Bobbie recently donated her well-preserved outfit to the TCU Alumni Association and was delighted to share some fond memories of her Horned Frog days.
“But don’t ask me to put on those culottes,” she laughed. “They haven’t fit in years!”
When Bobbie arrived at TCU in 1940, TCU was riding a wave of success stemming from the 1938 national championship football team.
“Sam Baugh—his name meant everything. He’s one of the reasons I heard about TCU, “ Bobbie recalled. “We girls liked to wear high heels to the football games. We had to walk from Jarvis Hall to the stadium—in those days there were no other buildings between them— and we’d carry our shoes in our hands.”

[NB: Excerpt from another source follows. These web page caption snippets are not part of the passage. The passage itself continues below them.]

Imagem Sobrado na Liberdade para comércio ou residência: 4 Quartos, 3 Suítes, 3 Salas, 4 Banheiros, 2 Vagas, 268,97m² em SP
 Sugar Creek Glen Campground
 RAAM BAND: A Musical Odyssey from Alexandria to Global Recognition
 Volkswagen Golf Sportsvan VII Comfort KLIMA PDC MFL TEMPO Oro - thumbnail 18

There were only two dorms in those days—Jarvis for women, and Clark Hall for men. Bobbie was mistakenly assigned to Clark when someone assumed she was male. Her mother insisted she be moved immediately to the women’s residence, but Bobbie jokes that she wouldn’t have minded staying on with her male friends in Clark.
A former Speech major, Bobbie has fond memories of pal Melvin Dacus ’44 and theatre professor Lew Fallis. Fallis made his students master vocabulary words from a huge book stressing perfect pronunciation, which Bobbie says contributed heavily to her success as a teacher.
Other happy recollections include pooling money with girlfriends to purchase a 1920 jalopy the girls painted purple and white, coeds drawing “seams” on the backs of their legs when stockings were rationed, and hanging out at the drug store on the University Drive drag.
Bobbie retired from teaching in 1986 but stays active, driving herself all over Texas to play bridge with friends, and frequently visits her daughter Joan; the two are often mistaken for sisters. She works crossword puzzles in pen and has a facebook account. And when the Horned Frogs have a televised football game, Bobbie puts on a purple shirt to cheer them on.
The purple culottes might no longer fit, but this Frog has spirit to spare.